Heynckes aber moderierte den Verzicht auf seine beiden Stars, als würde er über ein verlegtes Testspiel referieren.

"Jeder Topspieler will immer von Anfang an spielen. Arjen ist ein Top-Profi. Und dass er beginnen will, ist klar. Aber ich muss das managen und bin für alle Spieler zuständig. Das haben die Spieler dann auch zu akzeptieren und Punkt. Ich habe nun mal sehr viele gute Spieler", sagte Heynckes also.

Die Mischung aus väterlichem Verständnis und einer unmissverständlichen Ansage soll Wirkung zeigen, wenn die Bayern demnächst in die heisse Phase der Saison biegen.
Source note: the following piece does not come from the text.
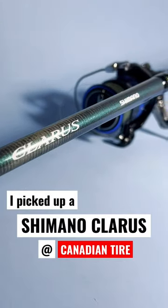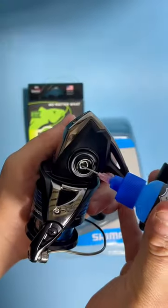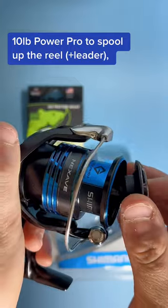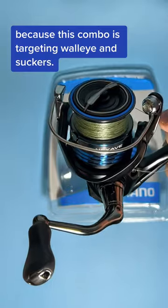I picked up a Shimano Claris today at Canadian Tire. While I was there, I saw the Nixavion on sale for half price, so I decided I might try to pair them together. After a quick lube, I grabbed some 10lb Power Pro to spool up the reel, because this combo is mostly targeting walleye and suckers.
Robben selbst war angefressen wie ein Jungspund, von einer reifen Gelassenheit oder Verständnis für Heynckes' Situation war jedenfalls nichts zu spüren.
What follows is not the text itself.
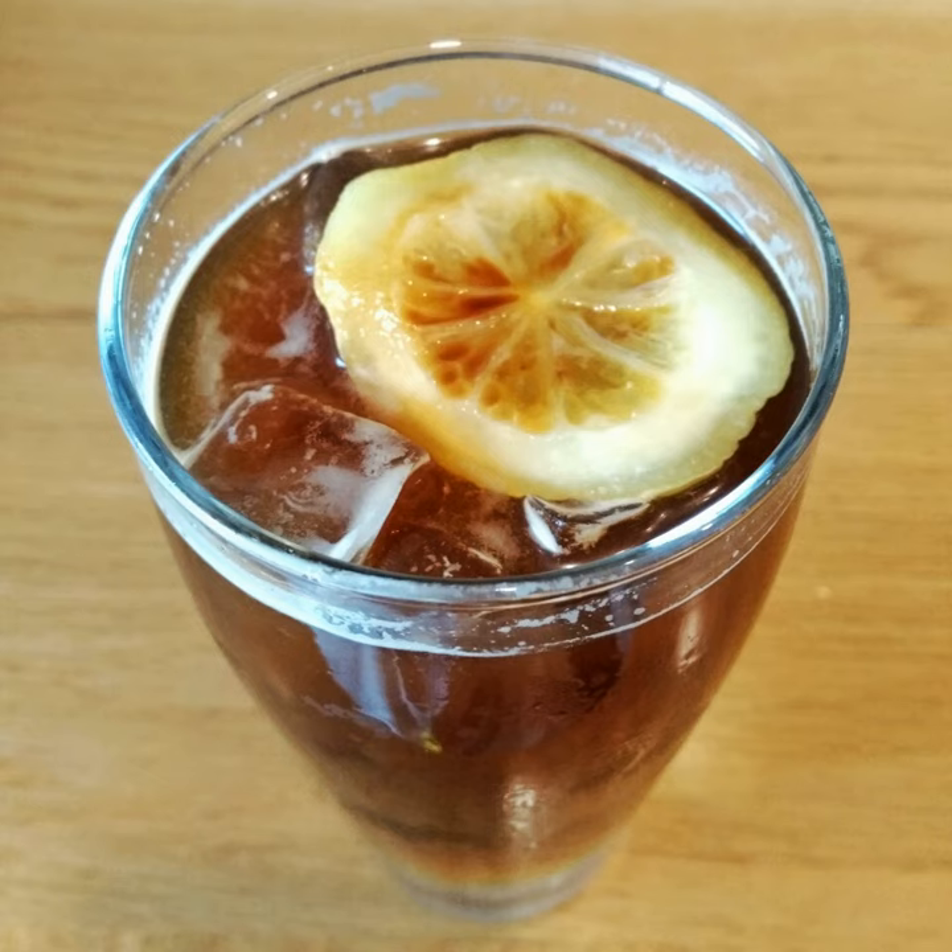Mazagran is prepared with strong, hot coffee that is poured over ice, and it is typically served in a narrow, tall glass. It has also been described as coffee taken with water instead of milk, in which coffee is served in a tall glass along with a separate container of water to mix in. The beverage has also been described as sweetened Portuguese iced coffee, prepared with strong coffee or espresso served over ice with lemon.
"Dazu sage ich nichts mehr. Jedes Wort wäre eins zu viel. Wenn ich meine Emotionen ausspreche, wäre ich morgen bei 'Brazzo' oder Herrn Rummenigge. Ich weiss nicht, was es dann gibt, daher ist es besser, nichts zu sagen", sagte Robben dann doch.

"Ich bin Profi, bin jetzt 34 Jahre alt. Das sind die Spiele, für die man lebt. Das sind die Sahnehäubchen. Und wenn du dann nicht spielst, ist das eine schmerzhafte Geschichte."
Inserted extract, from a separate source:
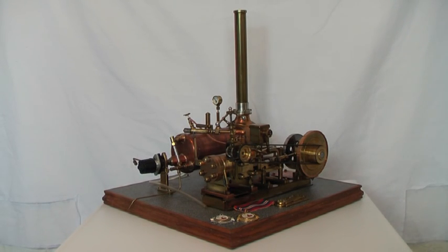Well, this is my pride and joy. I've never done a video of this steam engine before, so I thought I'd do one today.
Heynckes kündigt harte Entscheidungen an

Das ist auf der einen Seite für die Bayern eine schöne Erkenntnis zu wissen, dass selbst einer, der schon alles gewonnen hat und niemandem mehr etwas beweisen müsste, noch lichterloh für seinen eigenen und den Erfolg der Mannschaft brennt.

Das unterscheidet echte Champions von solchen, die es noch werden wollen. Andererseits wird Robben, wird Ribéry, werden vielleicht Thiago, Corentin Tolisso oder Arturo Vidal lernen müssen, mit der einen oder anderen Auszeit umzugehen.

"Es wird auch in den nächsten Wochen geschehen, dass der ein oder andere zuschauen muss. Natürlich ist der ein oder andere dann unzufrieden. Ich war selber Spieler und hätte auch so reagiert", kündigte Heynckes schon mal weitere harte Personalentscheidungen an.

Der Fluch der guten Tat sucht die Bayern dann heim. In den letzten Jahren war es ja stets so, dass die zweite Garde in den entscheidenden Wochen auch die zweite Garde blieb.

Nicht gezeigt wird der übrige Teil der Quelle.